Glen is negotiating his new life while dealing with the pain of its previous chapter vividly as the ghost of Christine appears to him in milestone moments. He’s also dealing with changes to his family, developments that enable the drama to continue its multi-generational focus on love and pain and the whole damn thing.
The new season, directed by Bonnie Moir, taking over from first-season director Emma Freeman, picks up nine months after the first and continues the exploration of themes that have been central from the outset: questions of family ties and duties; of happiness and fulfillment in relationships; of how the past shadows and complicates the present.

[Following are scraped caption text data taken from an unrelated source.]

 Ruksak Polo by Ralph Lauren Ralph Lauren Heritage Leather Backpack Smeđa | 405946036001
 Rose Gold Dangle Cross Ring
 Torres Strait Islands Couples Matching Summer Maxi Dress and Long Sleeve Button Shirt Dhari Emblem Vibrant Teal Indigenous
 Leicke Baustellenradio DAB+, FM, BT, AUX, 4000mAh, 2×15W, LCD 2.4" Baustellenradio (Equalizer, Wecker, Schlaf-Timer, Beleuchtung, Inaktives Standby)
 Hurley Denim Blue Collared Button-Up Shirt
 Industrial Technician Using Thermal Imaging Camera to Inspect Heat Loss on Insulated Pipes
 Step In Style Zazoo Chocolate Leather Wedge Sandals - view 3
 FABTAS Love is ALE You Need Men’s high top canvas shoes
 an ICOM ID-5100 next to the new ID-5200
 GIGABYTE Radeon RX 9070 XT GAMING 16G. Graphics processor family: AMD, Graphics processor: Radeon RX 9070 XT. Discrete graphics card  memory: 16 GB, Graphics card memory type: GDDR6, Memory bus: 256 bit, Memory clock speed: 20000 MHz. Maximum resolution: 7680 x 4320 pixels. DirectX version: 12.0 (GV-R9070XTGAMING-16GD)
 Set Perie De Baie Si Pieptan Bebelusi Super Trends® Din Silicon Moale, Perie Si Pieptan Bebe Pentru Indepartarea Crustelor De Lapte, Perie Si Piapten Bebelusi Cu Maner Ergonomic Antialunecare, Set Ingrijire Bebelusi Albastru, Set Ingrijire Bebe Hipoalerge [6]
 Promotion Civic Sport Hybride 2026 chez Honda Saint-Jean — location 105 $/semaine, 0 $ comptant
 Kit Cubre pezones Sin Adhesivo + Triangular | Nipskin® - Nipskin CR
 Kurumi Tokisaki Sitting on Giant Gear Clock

Alongside the passionate union of sixty-somethings Glen and Anita, which attracted considerable coverage for its lusty portrayal of middle-aged sex, Clara and Peter (Bob Morley) also embarked on their rocky affair. They negotiated some bumps to do with her fear of vulnerability and his regrets about his strained relationship with his son, eventually deciding to persevere with their union. Meanwhile, Aaron’s fling with Ella (Shalom Brune-Franklin) ended and she subsequently discovered that she was pregnant. So for all the Mathiesons, life is complicated.
“Babies are a major theme,” says Weaving of the new season. “Near the start of the first season, there’s Christine’s death, which plunges everyone into grief and also unexpectedly propels Glen into love. In season two, Ella’s pregnant and we have a birth rather than a death, so there’s a wonderful sense of joy for Glen.”
Like Glen, Peter is dealing with unanticipated upheavals. He and Clara have decided to have a baby, a choice that has unsettling repercussions for a man who’s already the father of a troubled teenager. “We got to know a bit about Peter in the first season and he was quite emotionally evolved,” says Morley. “He’d lived a life that was a bit hedonistic and he’d come back to Melbourne to settle and focus on things that were important to him, like being a father to his son, Max (John Augustine Sharp).
“The title Love Me sends you down the pathway of love, but I feel like this is a show about vulnerability and grappling with grief and the broad range of what love can be. It’s not necessarily grand gestures: it’s being open and vulnerable, or being diligent and being present. Peter was seemingly a thoughtful and emotionally intelligent man, but he has things that he’s still grappling with. He’s willing to go down the path of fatherhood again, although he wasn’t so great the first time around, and that triggers certain aspects of himself that he may not necessarily like.”
As the Mathiesons sometimes-clumsily make their ways in a changing world, Weaving notes that the new season sees the drama’s central pairs opening out into triangles: “There are some wonderful new characters who throw spokes in the wheels”. One of them is the mystery man at Glen and Anita’s wedding (Kim Gyngell) whose significance is gradually revealed. Another is Max’s mother (Eryn Jean Norvill). Unease and uncertainty continue to buffet the family as they endeavour to follow their hearts and navigate volatile elements in their lives.
“To me, Love Me started off as a show about vulnerability and grief,” says Morley. “But it’s really about the joys of love as well as the terror of it.”
Love Me (season 2) is on Binge from Thursday, April 6.